Composer is the de facto dependency management tool for the entire PHP community. It is widely used across the world of PHP. According to Packagist statistics as of early 2018, there are over 168,000 packages available via Composer, and they have cumulatively been installed over seven billion times.
In terms of Drupal roles, Composer is an invaluable tool for developers, site builders, and site architects.
If you need to download and install PHP libraries (core, modules, themes, libraries, etc.) then you should be using Composer!
Why do we use Composer?
Composer is one of the larger forces responsible for the recent PHP Renaissance.
It enables the PHP community to easily share and implement open-source libraries. It promotes standardization, collaboration, and contribution, allowing developers to mix and match reliable pre-made components and avoid “reinventing the wheel.”
If you use Drupal, you’re already benefiting from Composer. Drupal itself has embraced Composer internally in Drupal core. This has allowed Drupal to “get off the island” and take advantage of libraries used by the larger PHP community, like Symfony.
We use Composer because it helps us find, install, and update application dependencies better than any other tool in the PHP community.
Acknowledgement of limitations
Let’s be honest; while using Composer has many advantages, it is not without its drawbacks. Composer has gotten a bad rap in some parts of the Drupal community, and that’s not without cause.
Let’s briefly discuss the top three types of Composer “problems” that users most frequently encounter.
The conceptual hurdle
For many Drupalists, the idea of dependency management is new, and it can be a difficult concept to wrap one’s head around.
We have traditionally used very cut-and-dry methods for downloading and updating dependencies in the Drupal community, like downloading tarballs, manually decompressing and moving them into a given directory. More advanced Drupal users may have used Drush or even Drush make.
While these methods have the advantage of simplicity, they lack some of the most powerful aspects of Composer such as recursive dependency resolution, semantic versioning, and autoloading (these topics will be covered later in the tutorial), or simply wider (non-Drupal) community adoption.
This series will help you get over that hurdle.
Composer is great at finding interoperable versions of dependencies, but sometimes it’s just not possible.
Your application’s declared dependencies, or the subsidiary dependencies declared by your dependencies, may simply not be interoperable in the requested versions. Typically, this can be resolved by tweaking the version constraint of one or more of your application’s dependencies.
However, the process of discovering exactly which dependencies are in conflict and finding a suitable tweak can be frustrating, and Composer is decidedly poor at explaining root cause clearly. It is not fun to debug.

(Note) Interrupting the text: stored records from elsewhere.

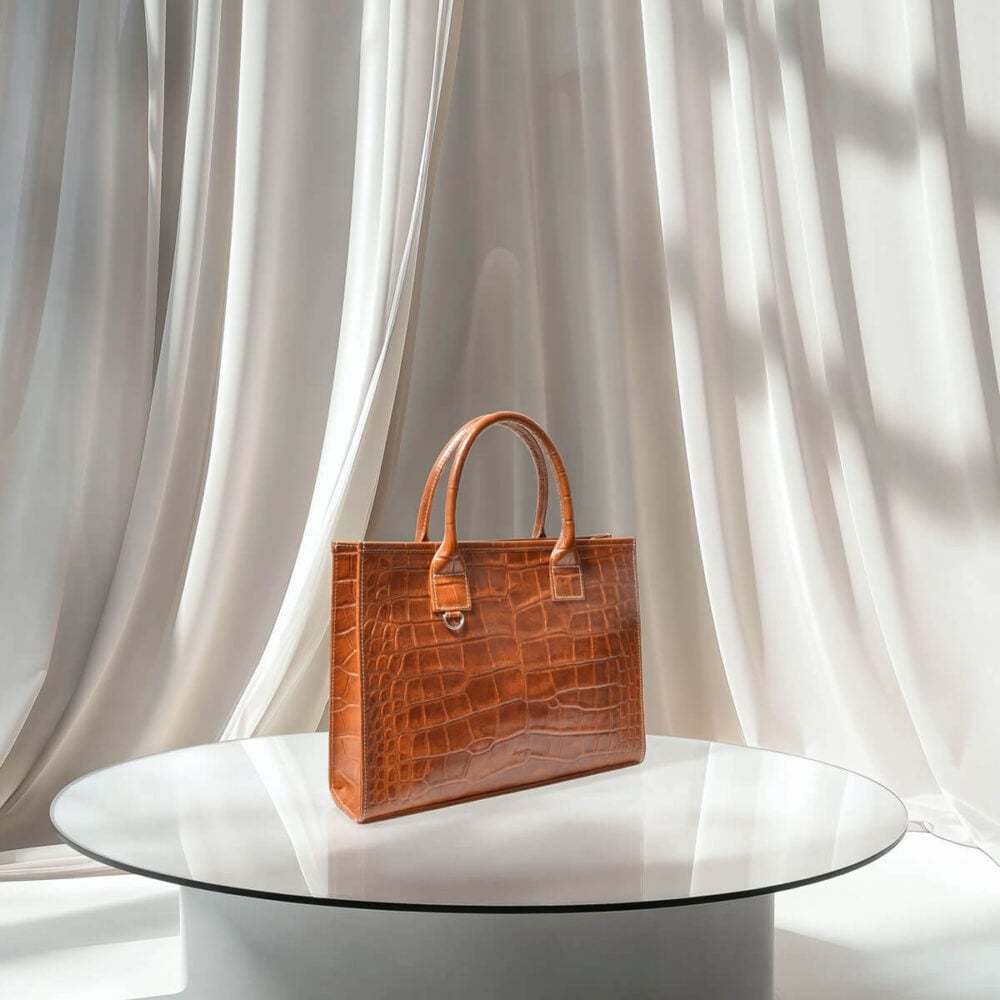 クロコ型押しの渋トートでコーデを格上げ!国産天然皮革使用のBajoLugo「グラントート」発売中【PR】
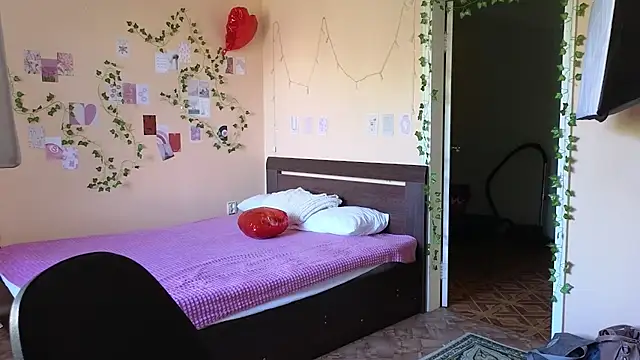 Sandra Snowflake online show from 06-08-26, 11:54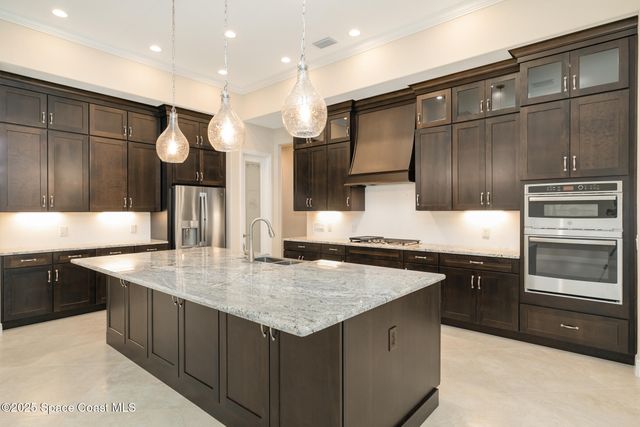 1081 Italia Court, Melbourne, FL 32940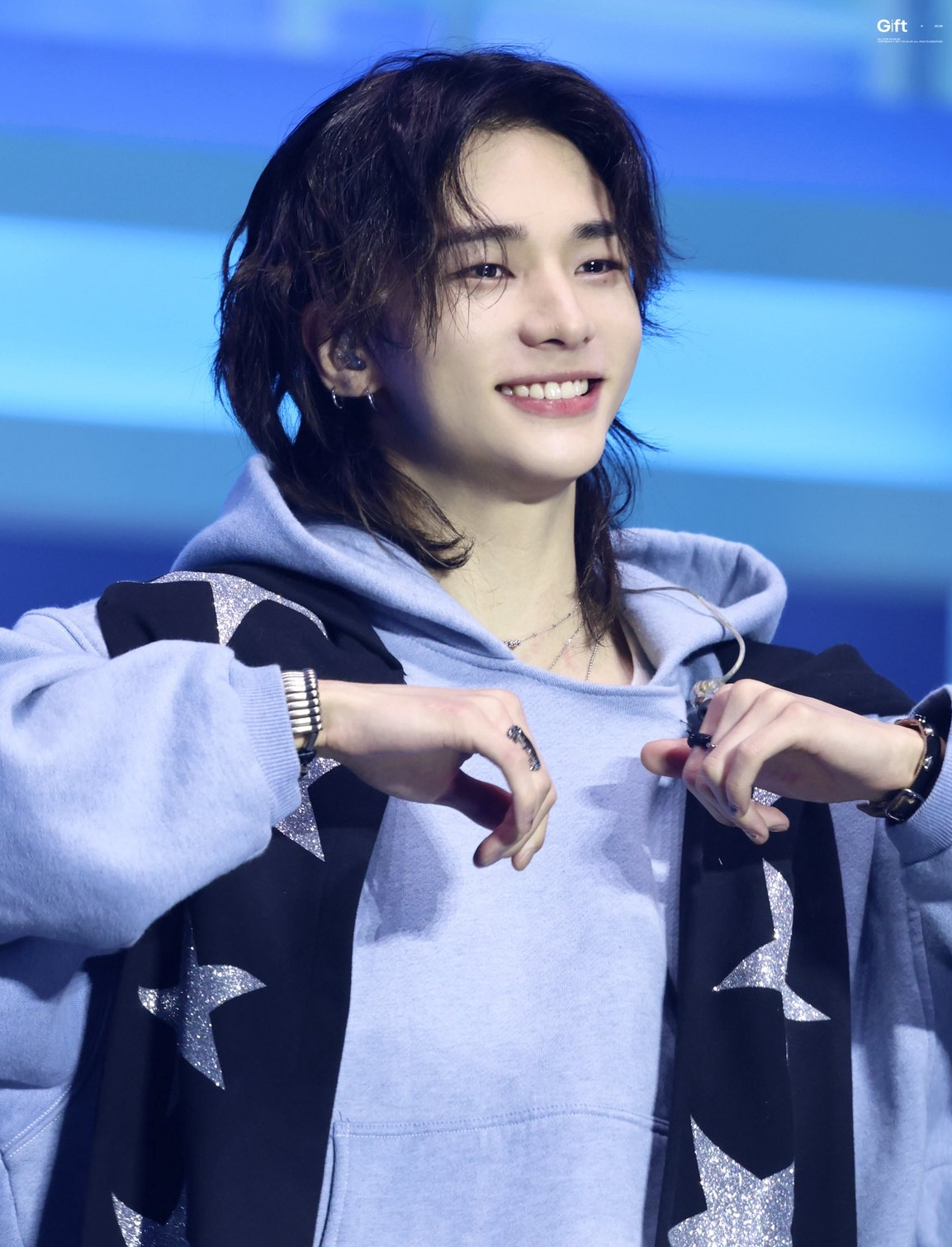 A moment captured by Hyunjin (Stray Kids)'s fan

We’ve included a Troubleshooting addendum in this series to help you resolve some of the more common Composer problem scenarios.
Composer is a command line tool. For many Drupalists, this alone can be intimidating.
But don’t worry! We will walk you through Composer usage step-by-step. You can do this.
And, if you really love your GUIs, then you’re free to explore some of the unofficial GUIs for Composer:
However, this tutorial will exclusively use the command-line interface. Check out our Command Line Basics tutorials if you're new to the CLI or if you'd just like a refresher.
In this tutorial, we explored the concept of dependency management and learned about Composer at a high, conceptual level. In particular, we learned about Composer, its purpose, use cases, users, advantages and drawbacks.
Further your understanding
- Why is dependency management useful for Drupal applications?
- How does Composer differ from tools like
- What does Composer do that Drush does not?